From: Bert Haskins (bhaskins_at_triton.net)
Date: Thu Feb 14 2002 - 14:45:56 EST
/* !!!!! RANT WARNING !!!!!
I was/am a software developer from the late 60s to the present although
today
I'm mostly retired and only take on projects that I really want.
IMHO OS/2 blew away the whole basket when during the short critical period
when
they had a true 32-bit OS and microsoft didn't some pointy-hair pea-brained
manager
decided it would be a good business plan to (badly) screw the small
developer.
They did change this later but by then they had POed most of us and BG and
company
had a win32s and NT 32bit sort-of system.
If you follow the history of the personal computer, most of the killer-apps
were at
least started by the real propeller heads.
This is why I truly believe that someday groups like this will be delivering
the eulogy
and doing the monday-morning quarterback number on what caused microsoft to
throw it all away.
I got very angry with them when they decided to rape and pillage my beloved
'C' with that
!@#$%^ C# . Nobody needs crap like that (except microsoft).

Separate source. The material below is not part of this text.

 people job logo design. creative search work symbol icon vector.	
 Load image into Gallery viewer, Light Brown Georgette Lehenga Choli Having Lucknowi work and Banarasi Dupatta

This, the new EULA, and a bunch of other things have made me decided to blow
them away
and believe me, I'm not alone..
The winner? Linux of course and if you haven't tried it lately, I'll try to
urge you to do it.
I bounce back and forth between Red Hat and Mandrake but both of these are
very!!
good and getting better.
With Linux why is there any need for OS/2?
-- Bert
end RANT warning */
"Dr. Jeffrey Race" wrote:
> On Wed, 13 Feb 2002 21:05:13 -0600, Len Conrad wrote:
>
> >>(leaving aside os/2, which came later and was never marketed properly)
>
> Could we please get this straight for the record? IBM marketed OS/2
> aggressively, and I got tons of support from them. They got stuck on
> the same problem that MS did, viz. these are complex systems which
> require lots of support to work right, particularly when you have
> lazy "whatever" users, which most American users are. (OS/2 is still
> hot in Germany, because the Germans have not yet degenerated to American
> cultural levels.) IBM and MS have come to different solutions.
>
> IBM: Support serious users who are willing to pay annual fees for
> a bulletproof system. (IBM still sells OS/2, still supports
> it to businesses, and has licensed the kernel to a private
> firm who sell it as part of an enhanced package for power
> users; development continues. I am one of these users.) You
> have to pay a few hundred dollars a year for this (wonderful)
> support.
>
> MS: Produce not a bulletproof system but one that works well most
> of the time for most casual users. Push off the support
> burden on the hardware vendor. Get revenue by releasing
> upgrades which are in practice mandatory due to intentional
> version incompatibilities. However this model has problems
> so eventually move (XP) to an annual lease model in which the
> customer is eternally imprisoned by the system's non-modularity,
> secret hooks, and proprietary embedded processes like Passport
> for support.
>
> Both systems make money for their owners. The difference is one
> system is built to sound engineering standards for reliability,
> security and supportability, sold on an ethical business model, and
> produces a good reputation for its proponent. The other is a
> security and operational nightmare, is traded using unethical (and
> occasional criminal methods) and causes the firm to be universally
> hated.
>
> I write this with no animus and I think it is a fair summary.